This is that special time of year when monarch butterflies grace our gardens, not to mention the milkweeds growing alongside farmers’ fields.
For a long time, these beautiful, fragile creatures were at the center of one of the great mysteries of science.
Every fall, people both east and west of the Rocky Mountains have watched the monarchs fly south. Every spring they return. Where do they hang out during the winter? An entomologist named Fred Urquhart devoted most of his life to answering that question.
Urquhart lived before the technological revolution that figured out how to attach tiny GPS tracking devices to butterfly wings. Instead, he and his colleagues had to tag, by hand, tens of thousands of monarchs so they could monitor their movements.
What Urquhart discovered is that monarchs east of the Rockies fly all the way to Mexico for the winter, sometimes traveling more than 3,000 miles.
The butterflies west of the Rockies, on the other hand, fly to wintering sites along the Pacific Ocean.
Nobody knows how they know how to do this.
What’s amazing is that scientists have taken butterflies from the West Coast and brought them to the Midwest. They fly right to Mexico. When they capture butterflies in Illinois and release them in Utah, those monarchs fly to the Pacific Ocean.
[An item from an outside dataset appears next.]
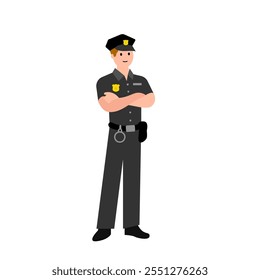 Young policeman. Vector simple color flat illustration.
So when you switch the butterflies, they automatically switch overwintering sites. No one knows how they do that, either.
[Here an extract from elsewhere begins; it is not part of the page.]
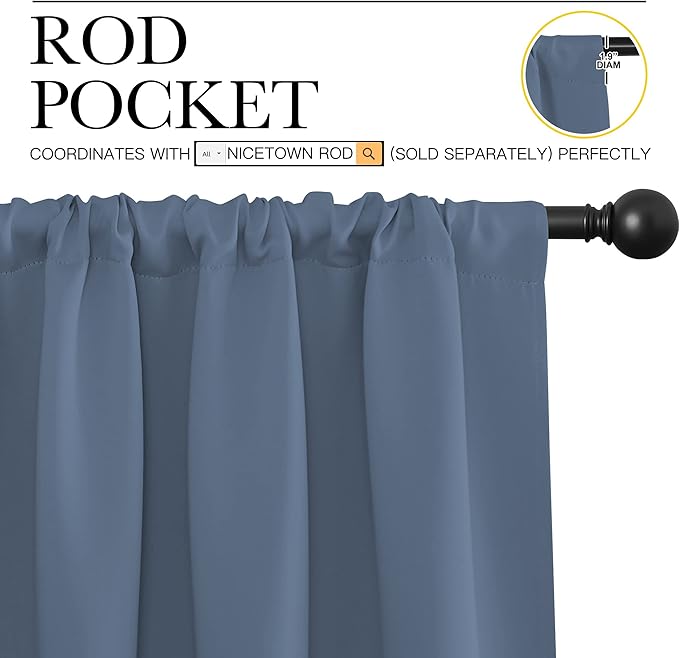 NICETOWN Kitchen Curtains, Short Blackout Curtains & Drapes, Small Window Rod Pocket Draperies for Bedroom (Stone Blue, 42 inches Wide x 54 inches Long, Set of 2)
In 1975, 38 years into his research, Fred Urquhart finally found what he was looking for: a site in Mexico where millions of monarch butterflies spend the winter clinging to trees. Astonishingly, these “monarch forests” are in mountainous regions two miles above sea level. Today entomologists know of 20 such sites. One of them is featured in the picture above.
The eastern population of North America’s monarchs overwinters in the same 11 to 12 areas in the States of Mexico and Michoacan from October to late March.
Towards the end of winter, the butterflies begin their annual northward return trip. Monarchs, by the way, are the only butterfly species known to do a two-way migration, like birds. These particular butterflies, however, fly only a few hundred miles. Then they lay their eggs and die. Their children continue the trip north.
Then another generation goes a few hundred miles, only to deposit their eggs and die. Finally, a fourth generation completes the epic journey, arriving to sip Midwestern nectar.
Thus, if you see a monarch butterfly this summer, it’s quite likely the great-grandchild of one of the monarchs that was in your garden last summer.
It takes at least four generations of monarch butterflies to complete the migration back and forth across North America. No wonder this phenomenon has been described as one of the most spectacular events in the natural world – and is presumably why so many butterflies spend so much of their free time browsing Ancestry.com.
God’s design for our lives – the mission to which he has called us – is a bit like the migratory mission of monarch butterflies. It cannot be completed within our lifetimes.
By God’s grace, during the span of our few decades of life, we can see signs here and there that God’s kingdom is breaking out and breaking through. But God alone knows the timetable for the ultimate healing of this broken world.
In the words of Father Oscar Romero, a Catholic priest who was martyred in 1980 in El Salvador: “We are workers, not master builders. Ministers, not messiahs. We are prophets of a future not our own.”
The God who’s in charge of tomorrow knows where all of our efforts – and the efforts of succeeding generations – will ultimately take us.
Our call, in the meantime, is to play small but crucial parts in a very long story.
In other words, we get to fly one leg of the journey.
And to do that today with all our body, mind, soul, and strength.